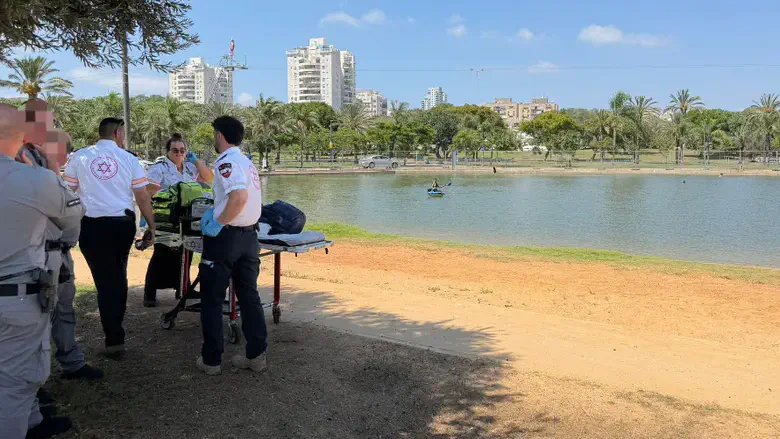 ילד בן 5 אותר במצב אנוש באגם בפארק מנחם בגין בתל אביב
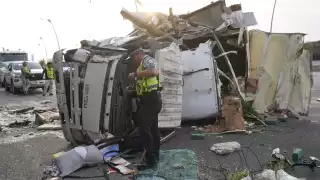 Rapiñaron camión de flores volcado en Campeche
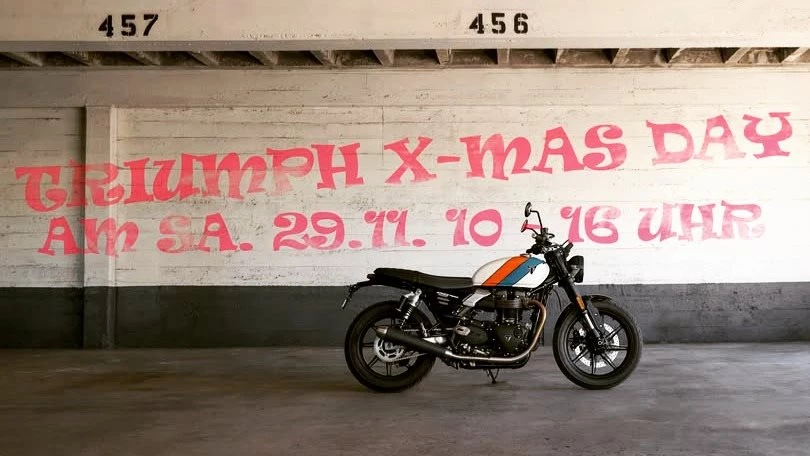 Vorschaubild für Post - Am Samstag, den 29. November ist es wieder soweit! Ab 10:00 Uhr heizen wir euch den Grill an und servieren unser weltberühmtes Chili. Kommt vorbei und trotzt mit uns der kalten Jahreszeit, während wir gemeinsam das Ende der Motorradsaison feiern.

Weitere Highlights:
- Glühwein und Kinderpunsch
- Frische Bratwurstsemmeln
- Chili� con Carne
- Leckeres Gebäck
- Weihnachts-Glücksrad
- Exklusive Weihnachtsangebote auf Triumph Bekleidung und Zubehör

Markiert euch den Termin im Kalender und seid dabei!
Wir freuen uns auf euch!🎅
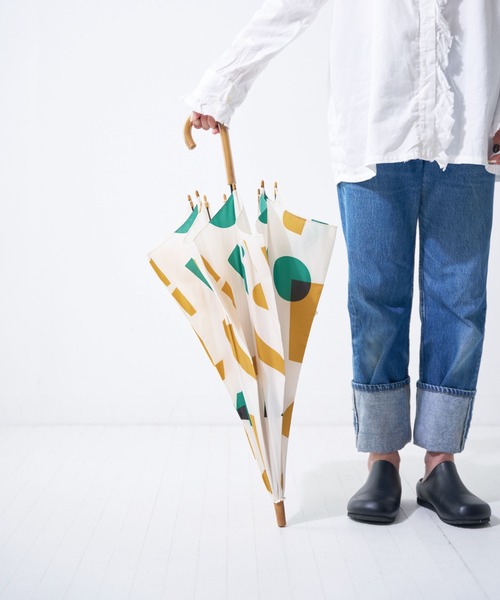 392 plusm（サンキューニプリュスエム）の「Umbrella Long 60 - day dream - 790233（長傘・レディース・グリーン/イエロー/ネイビー・60cm）」の10枚目の写真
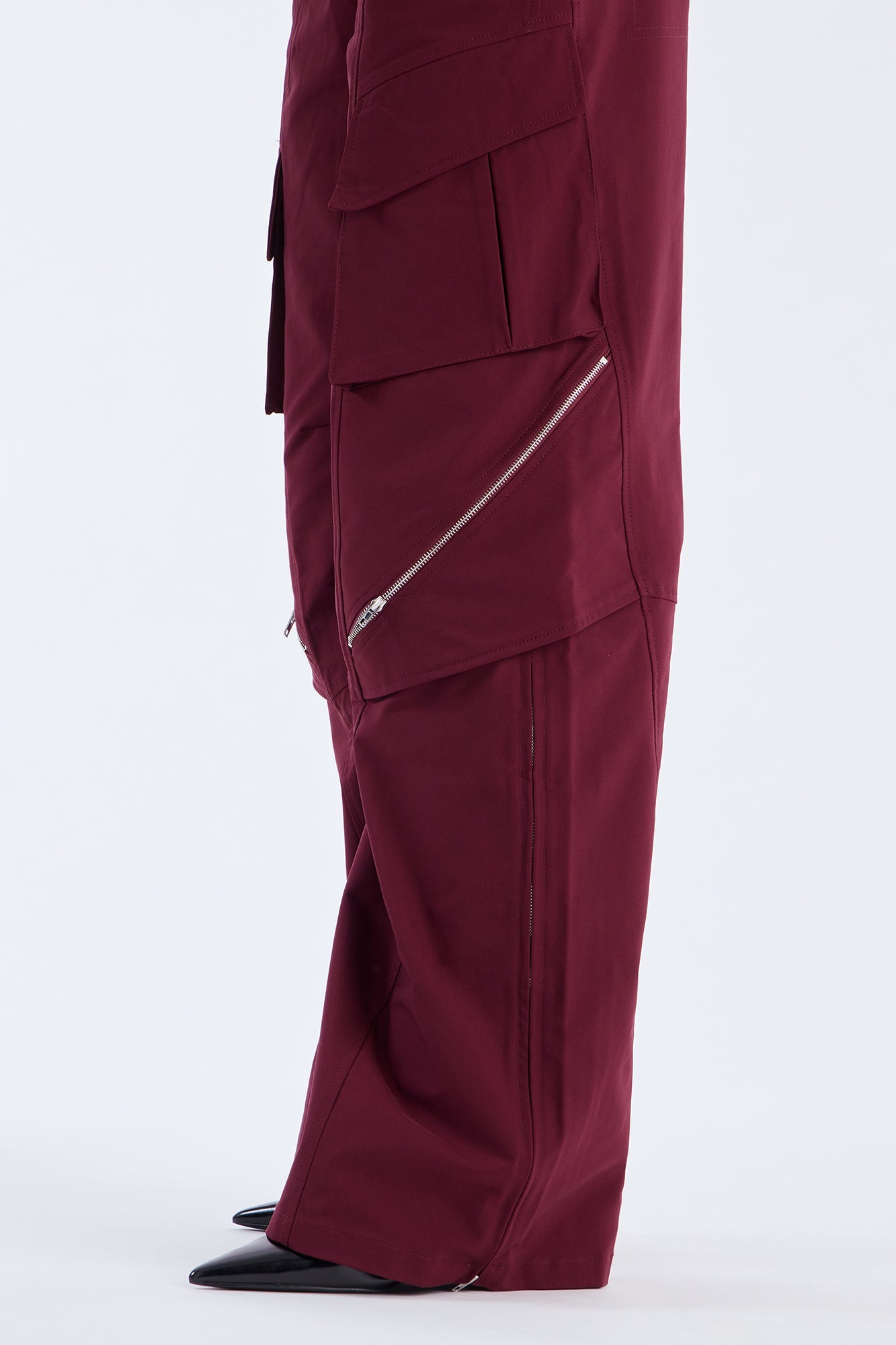 Don't Call Me Windbreaker Wide Leg Cargo Pant 33 - Plum 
################
The answer is the full listing above, repeated exactly, with its pictures removed.

 ילד בן 5 אותר במצב אנוש באגם בפארק מנחם בגין בתל אביב
 Rapiñaron camión de flores volcado en Campeche
 Vorschaubild für Post - Am Samstag, den 29. November ist es wieder soweit! Ab 10:00 Uhr heizen wir euch den Grill an und servieren unser weltberühmtes Chili. Kommt vorbei und trotzt mit uns der kalten Jahreszeit, während wir gemeinsam das Ende der Motorradsaison feiern.

Weitere Highlights:
- Glühwein und Kinderpunsch
- Frische Bratwurstsemmeln
- Chili� con Carne
- Leckeres Gebäck
- Weihnachts-Glücksrad
- Exklusive Weihnachtsangebote auf Triumph Bekleidung und Zubehör

Markiert euch den Termin im Kalender und seid dabei!
Wir freuen uns auf euch!🎅
 392 plusm（サンキューニプリュスエム）の「Umbrella Long 60 - day dream - 790233（長傘・レディース・グリーン/イエロー/ネイビー・60cm）」の10枚目の写真
 Don't Call Me Windbreaker Wide Leg Cargo Pant 33 - Plum 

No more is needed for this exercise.